The MDC, alternative or substitute?
"Yes there are legal issues which have been problematic but ultimately we must always be mindful that politics is not about legality. Politics is about the people." Prof Welshman Ncube MDC A Vice President
The
generality of Zimbabwean’s has, in the past two weeks been drawn to the MDC
Supreme Court ruling like mosquitos to a lantern.
In
what the main opposition laments as the weaponisation of the law, the powers
that be stirred the hornet’s nest throwing Zimbabweans into a pandemonium.
The
timing of the ruling was suspicious. Delivered in the midst of the COVID 19
pandemic lockdown, it sent tongues wagging.
The
verdict generated a brawled debate across the political divide, this time, not
between ZANU PF and MDC but within the MDC.
Social
media has since been buzzing, awash with debates of polarity between the MDC
families.
Some
have been healthy. Some have been toxic bordering on bigotry and name calling. It
is messy.
The
MDC dogfight has gained the audience of ZANU PF which jeers and cheers from the
terraces. It must be understood that ZANU PF does not create fissures in the
MDC. It simply exploits them.
If the
MDC does not play its cards close to the chest, ZANU PF will emerge as the
proverbial enemy that reaps when two brothers fight.
The
mdc power wrangle is a dramatic case of a clash between law and politics.
The
Supreme Court ruling is not the problem. To interpret it as such is to miss the
bigger picture. The ruling, if anything is a manifestation of a major crisis –
the abortion of constitutionalism in the party that happens to be Zimbabwe’s
only alternative.
Constitutional
breaches in the MDC have been perennial. The Tsvangira-Biti split of 2014 is
among many others, an epic example.
More
than a victim of the weponisation of the law by the state, the MDC is being
haunted by its own omissions and commissions.
Perhaps
the words of Professor Welshman Ncube, one of the MDC’s many prodigal sons
whose damascene moment came when Dr Morgan Tsvangirai extended an olive branch
to him before his demise are worth considering.
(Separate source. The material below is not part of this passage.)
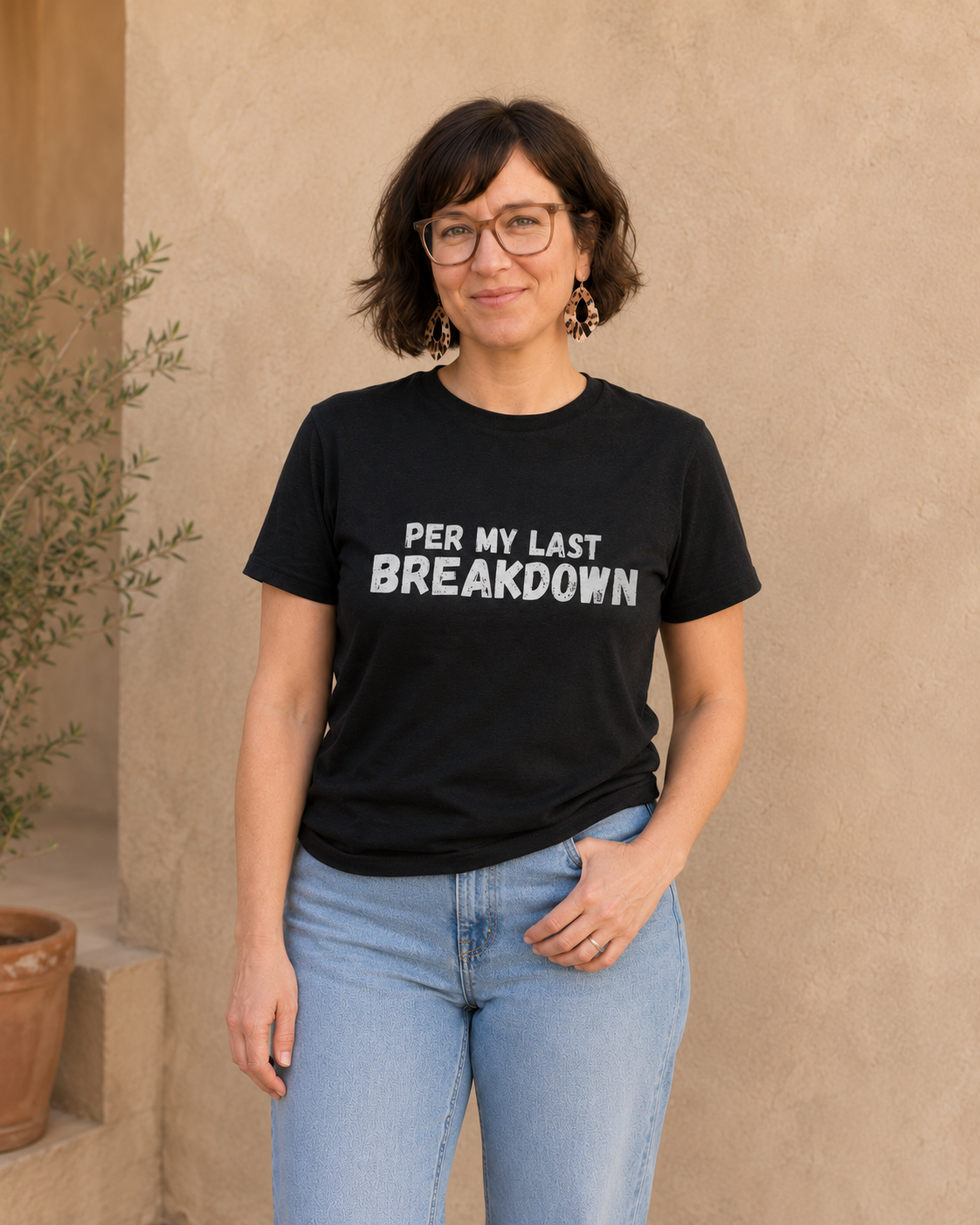 Woman wearing black 'PER MY LAST BREAKDOWN' slogan t-shirt, alternate pose against a tan wall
“Admittedly, things could have been done differently in the MDC T. But
given that the major fault line legally had been done in 2016, there is pretty
little that anyone could have done in 2018 even with the benefit of hindsight
the moment you say the appointments of Tsvangirai were unlawful at law, they
existed two years later in 2018, you were not going to be able to undo them.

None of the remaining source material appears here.